Once the ground tea leaves (he almost shouts as he tells me that any tea can be produced this way) are ready, he starts up the little gas burner and begins to heat water in a thick copper pot. Simultaneously another little gas burner is set alight and an empty pot is placed on it upside down so as to heat the inside surface. This will be to ‘roast’ or flavor the broken tea leaves. Breaking leaves releases flavors and essences more quickly and Master Cheng, after rinsing the bowl with some hot water, allows me to sample a couple of heaving wafts into my nostrils. It scent is powerful and narcotic.
Master Cheng is a study of concentration as he focuses on the first addition of water – a mere hint of it – to the wide ceramic bowl. When about a half of the bowl is immersed in the water with the ground tea leaves floating happily our host grabs a nearby whisk (the very same that is used for the Japanese ma’cha ceremony) and gives the whole concoction some heavy action whipping the contents for about a minute. The resultant mix, which is briefly frothy, is ready for consumption and I’m generously served first and heave back a monster sip of the Oolong, that has been transformed into an Oolong with a difference.
Like any chef or creator the world over, Master Cheng’s face and more particularly hi eyes were in a look of expectation and almost rapture. It didn’t feel as though it was an expectation that I should necessarily ‘like’ the tea but rather that I’d ‘feel’ how it was different. And different it was!
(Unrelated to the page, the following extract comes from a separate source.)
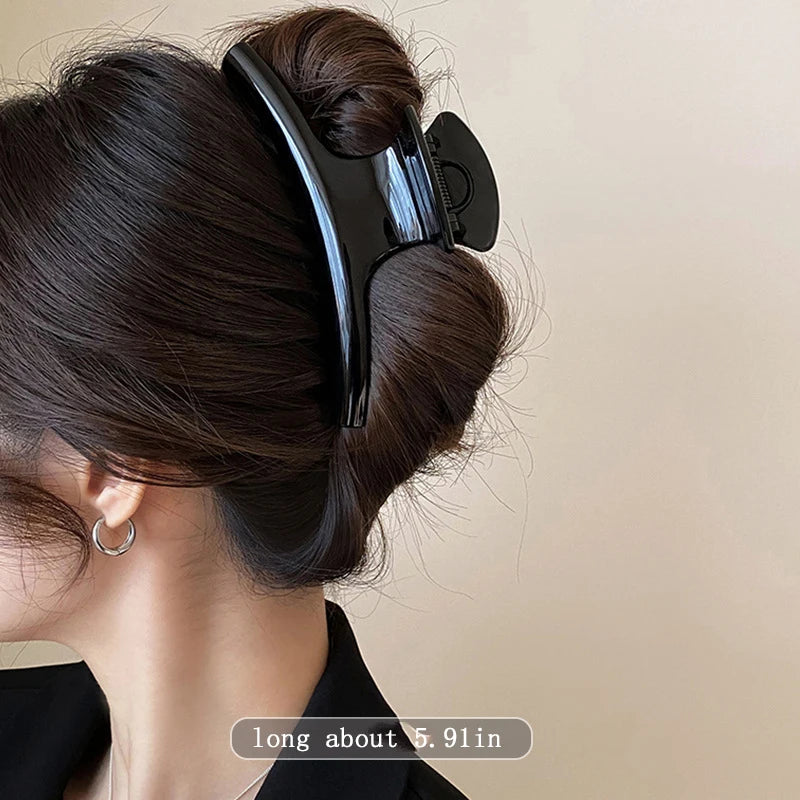 Large Matte Hair Claw Clip - 6 Inch Strong-Hold Clip for Thick Hair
It’s strength from the first touch of fluid in the mouth was like a force. From the first wafts that hit the nostrils it was a force. From the first bite as the Oolong – normally controlled in its strength – unleashed itself into the mouth cavity and over the gums and teeth it was force. A force created by a force himself.
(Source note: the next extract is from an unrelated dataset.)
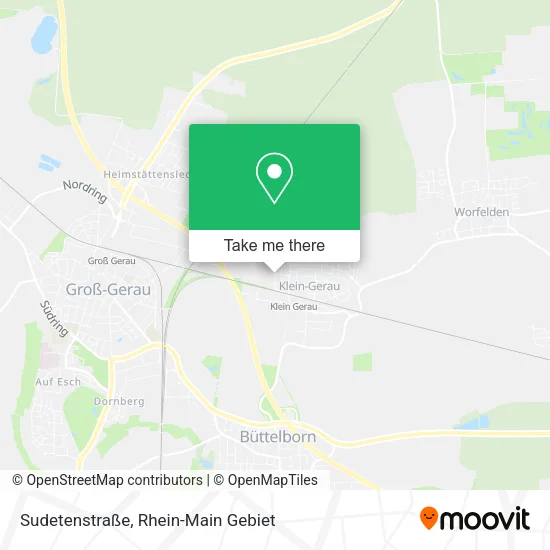 Карта Sudetenstraße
Outside the rain continued its noisy drive into the asphalt and it in turn released its own vapors and created its own flavors of hot stone and must.
Master Cheng with his own bowl and with him, Miss Tsao finally both join me in sipping. We sit at the huge wooden table which forms the center-piece of his entire shop.
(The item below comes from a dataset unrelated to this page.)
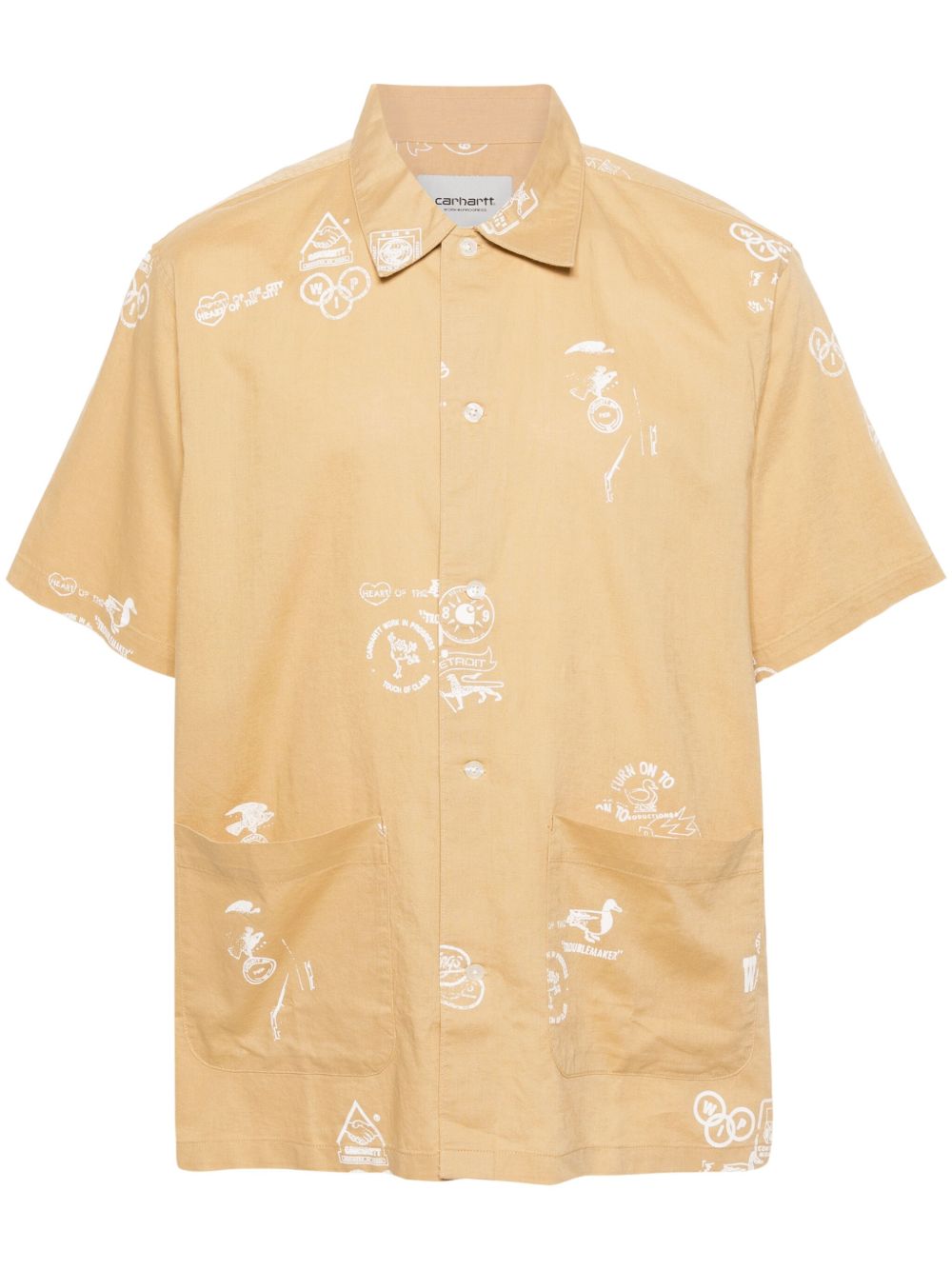 Carhartt WIP Stamp 短袖衬衫 - 黄色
A second even more potent bowl and then a third – all from the original three bowls of tea leaves that he had ground up – all were consumed infusing our blood streams with the kick – that I in particular – needed.
As we sipped Master Cheng unleashed more and more of his philosophy and own life-story. The son of two mainland parents, and whose father was a dedicate of the green leaf, Cheng had dug into tea’s very soul reading everything about tea and its preparation. He had become an advocate of the Song method of powdered tea as he thought it “most quickly and purely represented the essence of tea”.
Finishing off our third round of tea Master Cheng begins anew with another kind of tea – this a Puerh – prepared in the same manner. At one point of preparation a man walks in off the street and is greeted by Cheng. “My brother”, Cheng tells me. The same tell-tale hair on a taller frame, this is a larger less animated version of his brother, Master Cheng. Speaking about tea, he tells us that he doesn’t (cannot) share the same intensity of purpose for tea as his brother, though he acknowledges his brother’s special mentality and special efforts to keep alive something special and timeless in a world that values the ‘brief’.
Sipping his own tea he quietly reflects that such efforts are “necessary in all spheres of life”.
With that yet another tea is plunked in front of us. Efforts on this day at least, are marvelously appreciated.